Actor Samuel L. Jackson admits he was enraged after the killing of Martin Luther King Jr. The April 4, 1968 assassination of the civil rights leader lit a fire under the then-young Morehouse College student, and he began to call a lot of things into question, including his school’s administration and the ways for which they governed the men’s HBCU.
One of those administrators was Martin Luther King Sr., father of the slain movement leader. But before King Sr. would face Jackson’s wrath, the distraught father would see the student serve as an usher at his son’s funeral services.
In a 2018 interview with The Hollywood Reporter, Jackson said he learned of the younger King’s death while preparing to go to a campus movie night. Following a quick trip to protest in Memphis, Tennessee, where King Jr. was slain, Jackson answered the call for volunteers to lead a mourning community around campus.

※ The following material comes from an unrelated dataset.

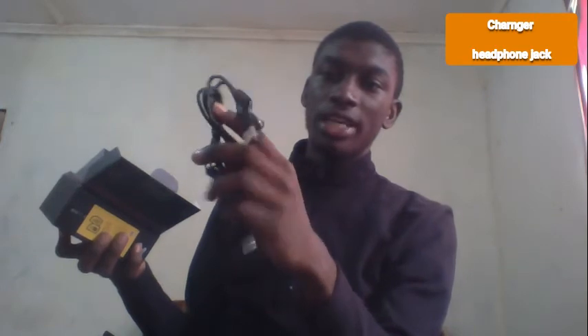We have finally opened it, and when you open it this is what comes in — this is what you see first. You open this and you can also see these two headsets, together with a charger at the same time.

“We flew back that night and went to Sisters Chapel at Spelman College, where Dr. King was lying in state,” Jackson told The Hollywood Reporter. “The next day was the funeral. They needed volunteers to help people find their way around campus, and I became an usher. I remember Mahalia Jackson singing. I’d been listening to her all my life, so it was great to hear her sing “Precious Lord, Take My Hand” live. I remember seeing people like Harry Belafonte and Sidney Poitier. People that I thought I’d never see, let alone have a relationship with later on in life. The funeral was pretty much a blur.”
In a 2005 interview with Parade, Jackson credited the historical event as the thing that amplified his desire to create social change in a different way.
“I was angry about the assassination, but I wasn’t shocked by it. I knew that change was going to take something different – not sit-ins, not peaceful coexistence,” Jackson said.
And then came his own radical activism.
‘I came to a realization that we [Morehouse students] were being groomed to be something that I didn’t necessarily want to be,” Jackson said. “The Morehouse College administration was rooted in some old-school things that the majority of us students didn’t believe. ‘You would be a great doctor, a great lawyer, maybe a great scientist.’ I was skeptical of that. I didn’t want to be just another negro in the, you know, advancement of America card. We had no connection to the people that we lived around. I was skeptical of that. We didn’t even have a Black studies class. There was no student involvement on the board. Those were the things we had to change.”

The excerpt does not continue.